"Abu Taubah took pictures of his cat and of the food he liked"
But why had Taubah (Arabic for "repentance") chosen the path of jihad as a response to injustice? And weren't Isis committing injustices too? Soon I would question him about this. But first, I wanted to know about his past.
Half in jest, I probed him based on what I knew about the profiles of some jihadis: "Let me guess… in your pre-Islam life, you were in a gang of some sort, took drugs and went to jail?" He replied with "no comment".
He was only prepared to reveal that his past was "bad" and that he looked on the bright side now: "When life gives you lemons, you make lemonade."
Taubah gradually began to open up more, telling me he went to university in the UK, enjoyed Muay Thai, playing chess and once had a dog. He said his family didn't understand him, but he loved them and missed them - the Nigerian side (he never knew the Irish side).
In Syria, he cooked meals with his friends, adopted a cat and liked the "halal partying" on Eid, which meant "eating food and having fun with the ikhwan [brothers]". Taubah even learned to speak Arabic by mixing with the other fighters. He told me there were many foreign fighters living with their families in Raqqa, where it was "easier not to sin".

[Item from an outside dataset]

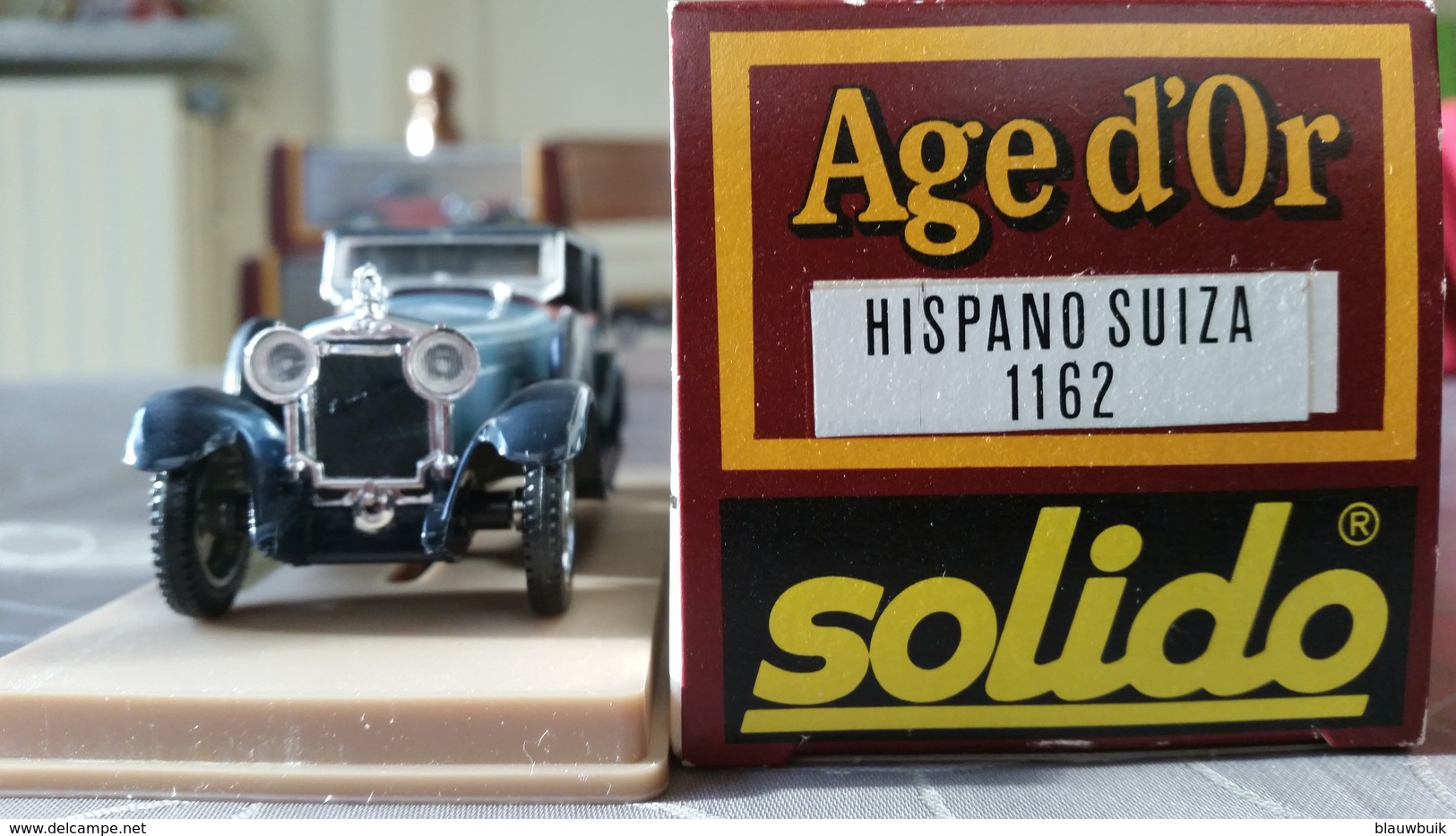 Solido Hispano Suiza  Cabriolet Soft-top Close 1926 1/43 Mib - Solido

Despite his online persona, I wasn't sure if Taubah actually engaged in combat. When I asked what job he did for Isis, he vaguely told me: "We work for Allah in the day and rest at night." He said he couldn't reveal details for security reasons, nor did he want to jeopardise his family in any way. But I wondered if his withholding information might also have been because he planned to return home.
As well as bombarding me with jihadi literature, Taubah also asked questions like "how many countries have you travelled to?" and "what's the most horrific thing you've seen?"